Today is Memorial Day and while I was on my walk, I called my friend Joe Evans to thank him for serving our country. Joe was in the Navy during the second World War. Not surprisingly, Joe wasn't home. Even though he'll turn 85 the day after tomorrow, you can't keep him down. He's probably driving someone to the airport.

When I saw Woody coming toward me motoring along the Riverwalk, I called out a greeting to him. "Hey, Woody! How you doin' today?" "I'm doing fine," he said. Woody is always doing fine. "Hey Woody, were you in the service?" "Yes I was. I was in Korea," he responded. "I'm thanking everyone who has served our country, I said. "I just want people to know that I appreciate what they did." And the floodgates opened.

Woody is usually a man of few words. While we've come to know each other a little when we meet on our morning walk, the conversations are always brief and sunny. This morning it wasn't just the dark clouds overhead that dampened the spirits of the day. It was old memories, restoked.

"I was in Korea for 12 months." Woody said. "Most of the other guys were sent home after ten months, but I never complained so they kept me there a couple extra months. I was pissed off, but I never said anything." Woody is still pissed off. As he talked he became very agitated. "It was hard staying alive, just because of the weather," He said. "It was winter and it was freezing cold. We like to froze to death." I told him about my friend, Jerry Rau, who served in Korea and brought it home with him. I met Jerry many years after the war, and he was still fighting it. He wrote a powerful song, and a book of the same title: "Knocking on the Devil's Door." When I told Woody, he understood what Jerry was talking about. Jerry was a young, idealistic kid, probably much like Woody was back in those days. The war knocked the stuffings out of Jerry, along with most of his idealism.
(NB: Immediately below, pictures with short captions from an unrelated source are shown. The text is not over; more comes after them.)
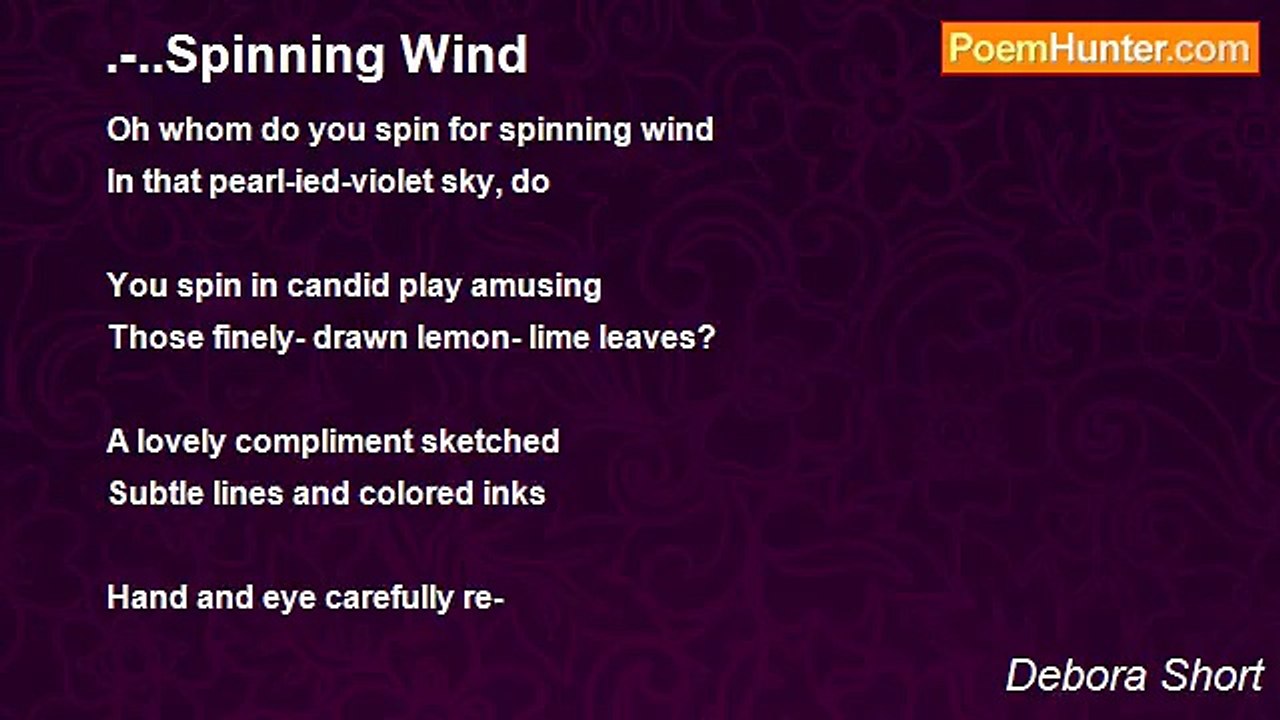 Debora Short - .-..Spinning Wind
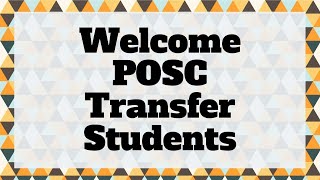 POSC Welcome Video for Transfer Students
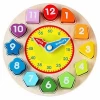 New selling children safety intelligent wooden toys digital clock early education game toy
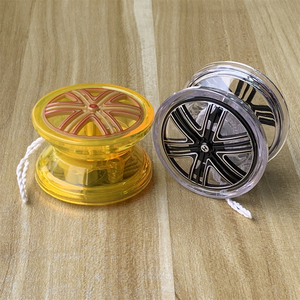 Jouets de jeu <span class=keywords><strong>Yoyo</strong></span> classiques en gros pour enfants, avec design de pneu lumineux et fil rotatif, jaune et noir - Product Image 2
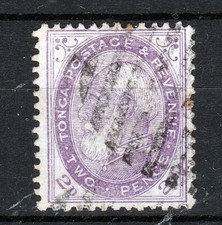 FRANCOBOLLI - 1886 TONGA 2p. VIOLETTO E/5343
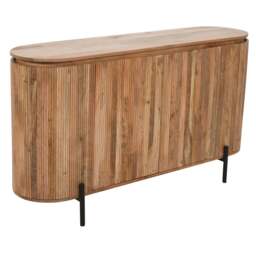 York Solid Wood Sideboard With Metal Legs - thumbnail 6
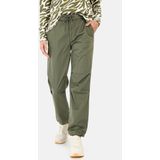 camel active Casual pants gemaakt van een katoenmix - Maat womenswear-26/30 - Donker Groen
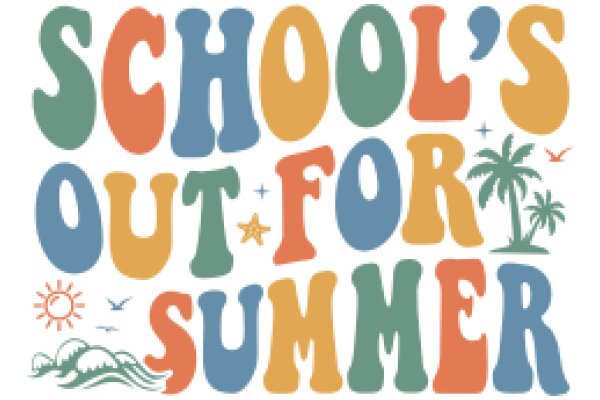 School's Out for Summer: A Colorful Summer Advertisement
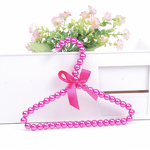 Pet Clothes Hanger Manufacturer - Children's Pearl with Bow for Dog Cat Clothing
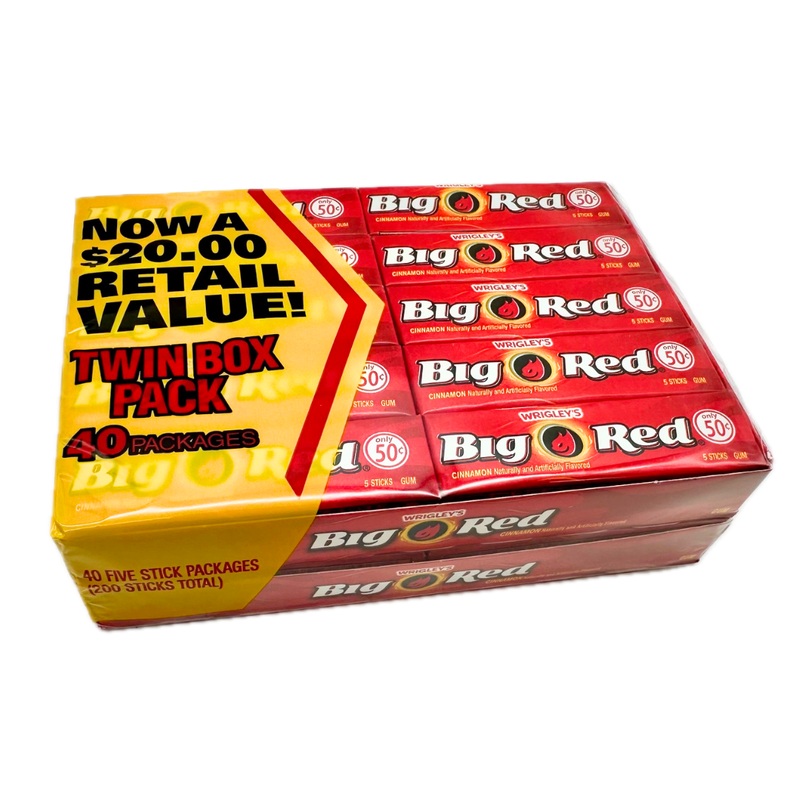 Wrigley’s Big Red Chewing Gum – 5pc / 40ct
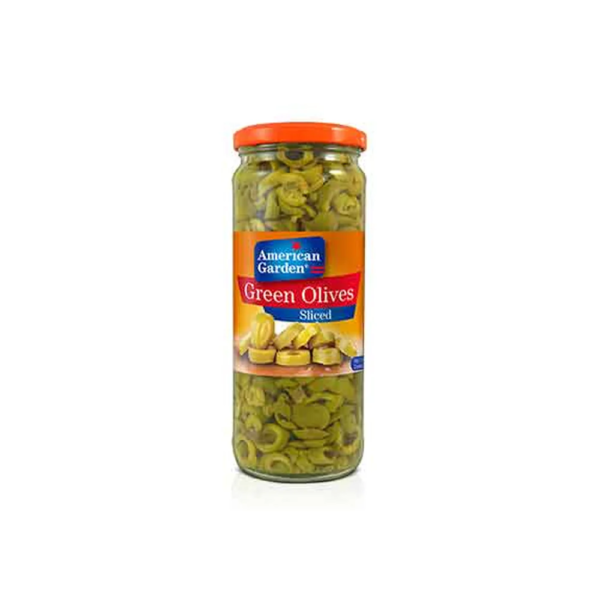 American Garden Olives Green Sliced 450 g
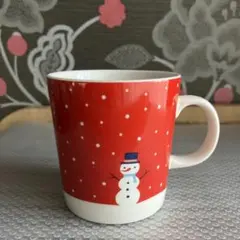 赤い雪だるまデザイン マグカップ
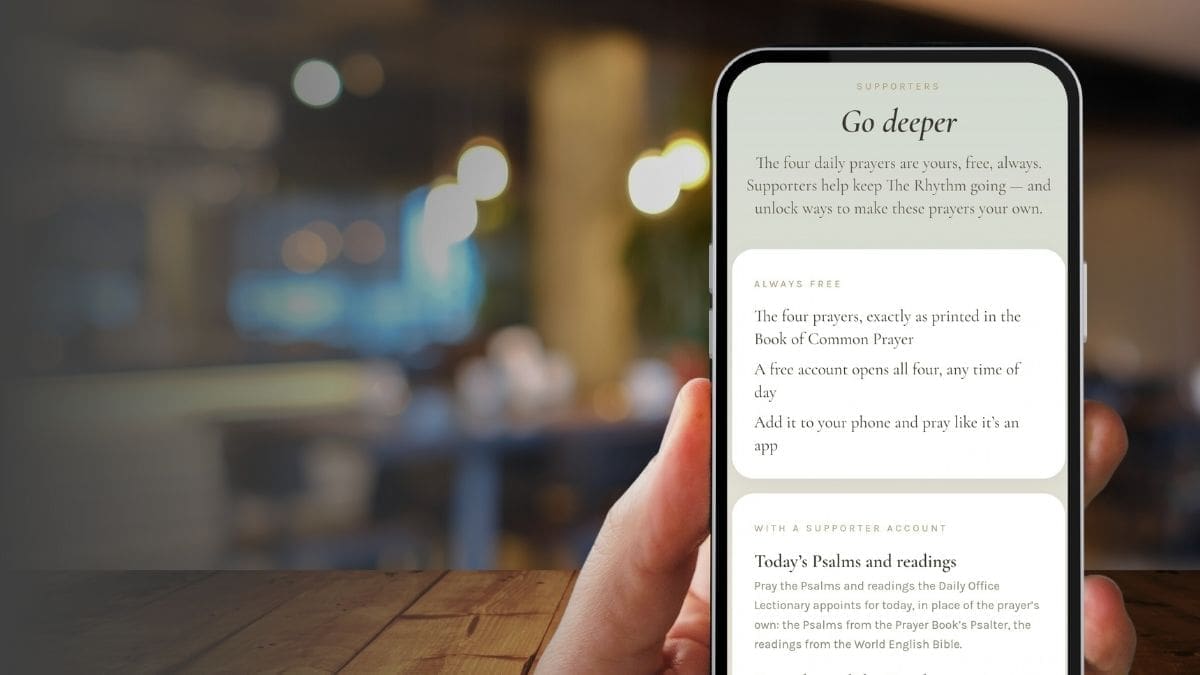 the rhythm prayer app membership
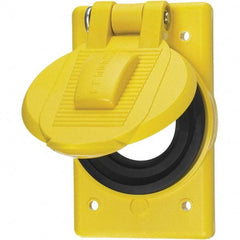 Hubbell Wiring Device-Kellems - Weatherproof Box Covers Cover Shape: Round Number of Holes in Outlet: 1 - Benchmark Tooling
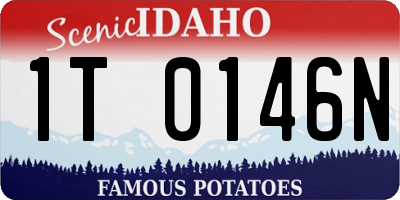ID license plate 1T0146N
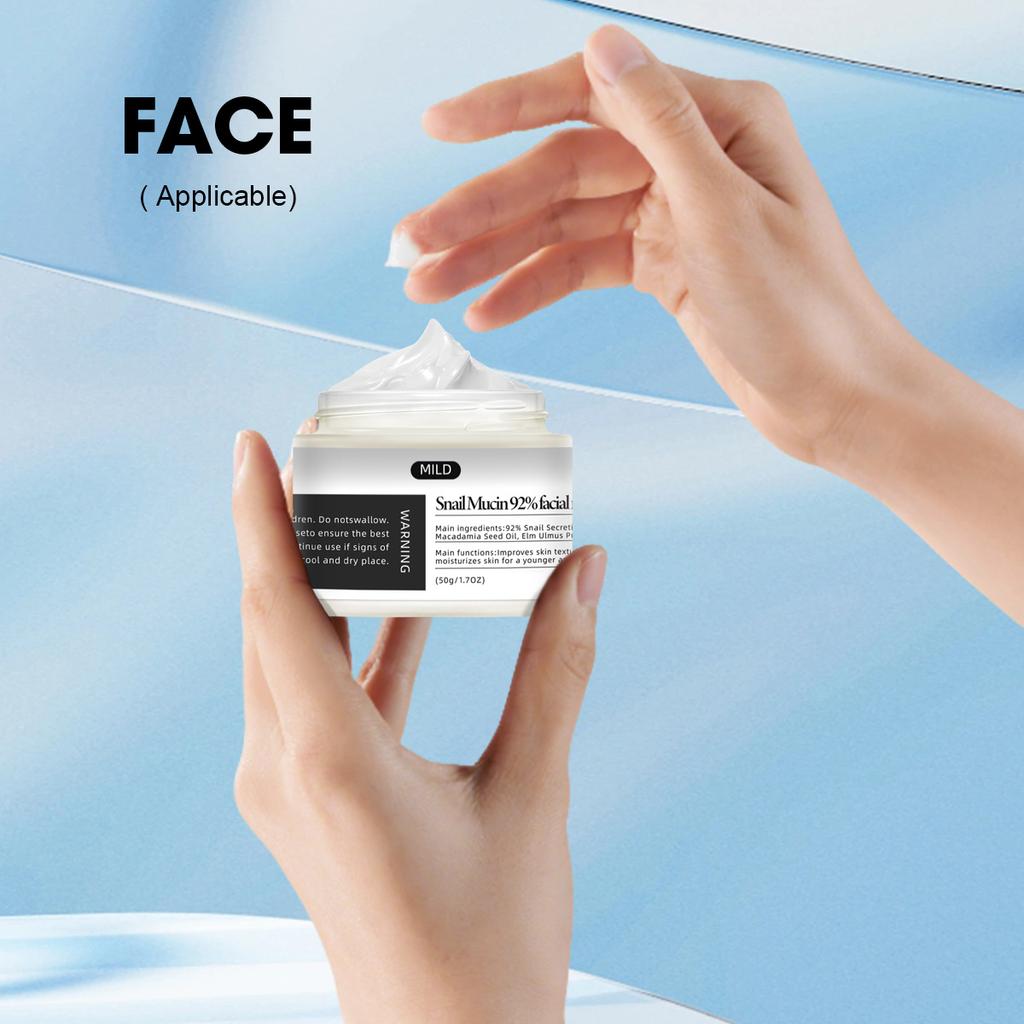 Snail Mucin Facial Moisturizer 50g – Deep Hydration & Skin Repair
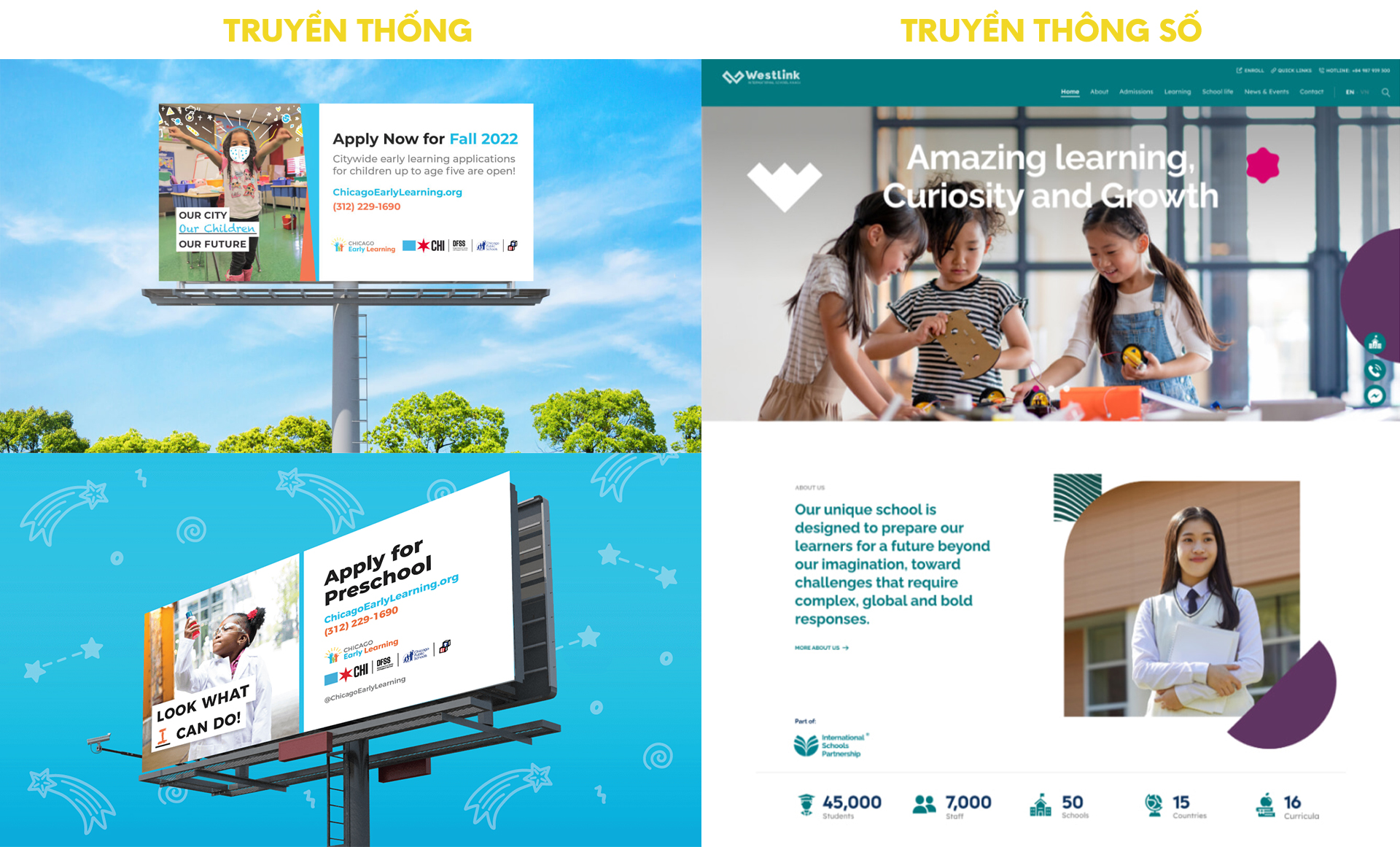 Thiết kế in ấn truyền thông trường học:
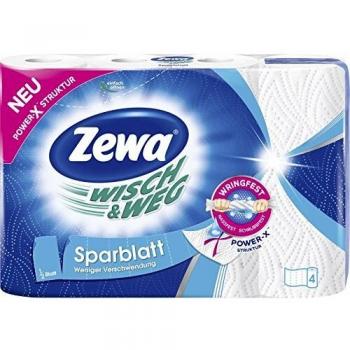 Zewa Küchenrollen Wisch&weg Sparblatt 2-lagig, 4 Rollen 43224 (7322540973235)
"I watch on the news how stressed out the soldiers are in Iraq and Afghanistan," I said. And Woody got angrier. "They never should send those guys back for a second tour of duty, he said," his voice rising. "Do they have any idea what they've gone through?" I had clearly touched an old wound, and Woody was back remembering how he felt after he came home from Korea.

As I told Woody, My father was too young for the First World War and too old for the Second. I was too young for the Korean War and too old for the Vietnam War. My sons were too old for the Middle East War, and even though my oldest son Gideon was in the Air Force for two years, he never left the country. We've been pacifists by coincidence. We don't know the pain that people carry deep in their hearts from their action in past wars, but for me, I am thankful for the sacrifice they've made. You don't have to understand something to appreciate it.